17 sept. 2024 Le combat pour les droits des femmes continue !
Ce mardi, j’ai eu le bonheur d’inaugurer l’arrivée des 10 statues de femmes qui ont marqué l’Histoire de France et qui ont été mises en lumière à l’occasion du tableau « Sororité » lors de la cérémonie d’ouverture des Jeux Olympiques.
Deux mois plus tard, les Jeux sont peut-être clos, mais leur message de modernité et d’audace doit continuer à nous inspirer.
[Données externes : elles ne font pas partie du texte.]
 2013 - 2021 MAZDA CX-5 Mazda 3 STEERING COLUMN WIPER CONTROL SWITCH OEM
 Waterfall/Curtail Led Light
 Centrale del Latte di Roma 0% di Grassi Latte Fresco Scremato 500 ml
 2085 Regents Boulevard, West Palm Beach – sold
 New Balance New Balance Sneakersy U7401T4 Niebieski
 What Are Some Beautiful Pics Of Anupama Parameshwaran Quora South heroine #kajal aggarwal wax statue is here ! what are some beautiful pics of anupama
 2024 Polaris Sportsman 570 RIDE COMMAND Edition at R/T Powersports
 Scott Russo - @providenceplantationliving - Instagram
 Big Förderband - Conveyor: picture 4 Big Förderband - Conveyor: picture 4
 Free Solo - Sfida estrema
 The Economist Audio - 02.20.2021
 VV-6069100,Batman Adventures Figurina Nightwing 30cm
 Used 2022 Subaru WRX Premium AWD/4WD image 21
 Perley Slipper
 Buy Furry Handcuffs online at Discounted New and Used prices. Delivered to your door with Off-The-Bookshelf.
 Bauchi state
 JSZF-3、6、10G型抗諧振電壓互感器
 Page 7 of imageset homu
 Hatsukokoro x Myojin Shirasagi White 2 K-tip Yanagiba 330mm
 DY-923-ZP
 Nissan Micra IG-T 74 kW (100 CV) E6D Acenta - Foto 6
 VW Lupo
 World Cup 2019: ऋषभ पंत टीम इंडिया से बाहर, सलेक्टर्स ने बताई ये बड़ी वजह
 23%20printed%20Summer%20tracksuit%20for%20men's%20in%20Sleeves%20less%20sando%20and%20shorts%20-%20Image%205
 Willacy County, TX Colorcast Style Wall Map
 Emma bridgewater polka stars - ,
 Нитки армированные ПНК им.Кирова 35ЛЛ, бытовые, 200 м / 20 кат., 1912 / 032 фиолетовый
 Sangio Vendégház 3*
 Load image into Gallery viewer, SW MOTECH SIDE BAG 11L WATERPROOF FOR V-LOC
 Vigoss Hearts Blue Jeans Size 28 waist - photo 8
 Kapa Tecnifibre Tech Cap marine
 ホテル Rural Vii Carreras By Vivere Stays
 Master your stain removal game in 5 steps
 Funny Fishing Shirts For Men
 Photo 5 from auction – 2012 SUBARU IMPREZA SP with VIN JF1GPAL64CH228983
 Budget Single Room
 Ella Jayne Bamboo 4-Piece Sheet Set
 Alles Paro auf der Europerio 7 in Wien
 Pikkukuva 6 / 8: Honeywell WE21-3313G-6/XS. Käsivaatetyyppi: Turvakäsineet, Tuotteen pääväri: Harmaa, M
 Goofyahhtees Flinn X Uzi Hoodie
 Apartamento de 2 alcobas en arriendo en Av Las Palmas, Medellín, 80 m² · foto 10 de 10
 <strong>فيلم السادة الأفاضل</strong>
Et c’est pourquoi nous sommes ravis de prolonger aujourd'hui cet héritage d’inclusion et d’égalité, qui a été porté par ces premières olympiades paritaires, avec autant de sportifs que de sportives.
Installer ces statues ici même, dans cette cour d’honneur, est un symbole puissant, dans ce cœur battant de notre démocratie, où tant de libertés pour les femmes ont été conquises et obtenues de haute lutte.
Comme il y a près de 50 ans, lorsque Simone Veil monta à la tribune pour défendre la loi qui porterait son nom et dépénaliserait enfin l’IVG. Le 26 novembre prochain — une date désormais gravée sur sa statue — marquera le cinquantenaire de son discours historique. Nous ne manquerons pas de le commémorer dignement, ici, à l'Assemblée.
Soyons cependant honnêtes entre nous : avant les Jeux, aurions-nous tous pu reconnaître sans hésiter ces 10 femmes illustres ?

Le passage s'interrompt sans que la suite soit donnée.